# Thread: Stabilizing Array 2D-ON

1. Originally Posted by Salem
> what about this input?
Have you specified what should happen when 1 and 0 are opposite one another?
mmm specified in my third example in my description, but doesn't matter I will explain it, when 1 and 0 are opposite one another then if there's a free space for one that's opposite to 0 I will assign it over the free space while in the same time ensuring matrix stabilized.

for example:
1 1 1
- - -
- - 0
output:
printf("there's no possibility for stabilizing this matrix")
because
1 1 0
1 1 1
1 1 0
will never be stabilized but if I have matrix 4*4 for example
1 1 1 1
- - - -
- - - -
- - 0 0
the output: here we have much free spaces which can ensure stabilization of the matrix
1 1 1 1
- - 1 1
1 1 1 1
1 1 0 0
this is the maximum matrix that I can fill with 1 to be stabilized .. "we need always maximum number of ones to fill for stabilizing the matrix"

So? thanks alot

2. Another example to clarify more, in the same aspect of previous comment:
input:
1 1 - -
- - - -
- - - -
- - 0 0
the output should be for getting maximum stabilized matrix:
1 1 1 1
- - 1 1
1 1 1 1
1 1 0 0

the free spaces not filled ..because if filled with 1 so the matrix will be not stable ... can assume implicitly in that case the "-" is 0
"-" is 0 ..

3. Given this input
1 0 - -
- - - -
- - - -
- - - -

Which of these are valid?
1 0 1 1
1 1 1 1
1 1 - 1
1 1 1 1

1 0 1 1
1 1 1 1
1 1 1 -
1 1 1 1

1 0 1 1
1 1 1 1
1 1 1 1
1 1 - 1

1 0 1 1
1 1 1 1
1 1 1 1
1 1 1 -

Or any of the same 4 combinations with a zero in place of the don't care.

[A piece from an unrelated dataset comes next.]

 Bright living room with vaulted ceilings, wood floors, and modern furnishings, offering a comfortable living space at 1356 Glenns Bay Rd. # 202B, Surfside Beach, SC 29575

4. Originally Posted by Salem
Given this input
1 0 - -
- - - -
- - - -
- - - -

Which of these are valid?
1 0 1 1
1 1 1 1
1 1 - 1
1 1 1 1

1 0 1 1
1 1 1 1
1 1 1 -
1 1 1 1

1 0 1 1
1 1 1 1
1 1 1 1
1 1 - 1

1 0 1 1
1 1 1 1
1 1 1 1
1 1 1 -

Or any of the same 4 combinations with a zero in place of the don't care.
Oh sorry didn't specify about that, they are 4 combinations valid, it doesn't matter which one of 4combinations would be , the purpose is any stable matrix that has maximum number of ones, in your example, all four combinations have maximum number of ones to stabilize the matrix, so anyone of them would be valid ..doesn't matter while all 4 combinations are having "maximum" number of ones to stabilize. (the output is , printing the maximum stable matrix that has maximum number of ones to stabilize it)

my question which algorithm you used? and how should I start with the concept? your previous suggestion doesn't work on that example ....

5. Well my previous simplistic algorithm doesn't work in all cases.

But given this,
1 0 - -
- - - -
- - - -
- - - -

I would compute the min and max values that each quadrant could contain.
So red has a min of 1 and a max of 3
All the others have a min of 0 and a max of 4

The number of 1's you need to put in red and cyan quadrants is
min(max(red),max(cyan))
Which in this example is 3.

The number of 1's you need to put in green and blue quadrants is
min(max(green),max(blue))
Which in this example is 4.

6. Originally Posted by Salem
Well my previous simplistic algorithm doesn't work in all cases.

But given this,
1 0 - -
- - - -
- - - -
- - - -

I would compute the min and max values that each quadrant could contain.
So red has a min of 1 and a max of 3
All the others have a min of 0 and a max of 4

The number of 1's you need to put in red and cyan quadrants is
min(max(red),max(cyan))
Which in this example is 3.

The number of 1's you need to put in green and blue quadrants is
min(max(green),max(blue))
Which in this example is 4.
Hi salem; first I would thank you very very much for your explanation and cooperative to me; I'm still a lil confused if I understand you very well or not(Sorry for my low ..)
May you explain the equation min(max) by a critical example step by step on matrix 4*4 and doesn't matter what inputs you choose; the matter for me to elaborate the steps to arrive to the output with maximum number of ones that stabilize the matrix.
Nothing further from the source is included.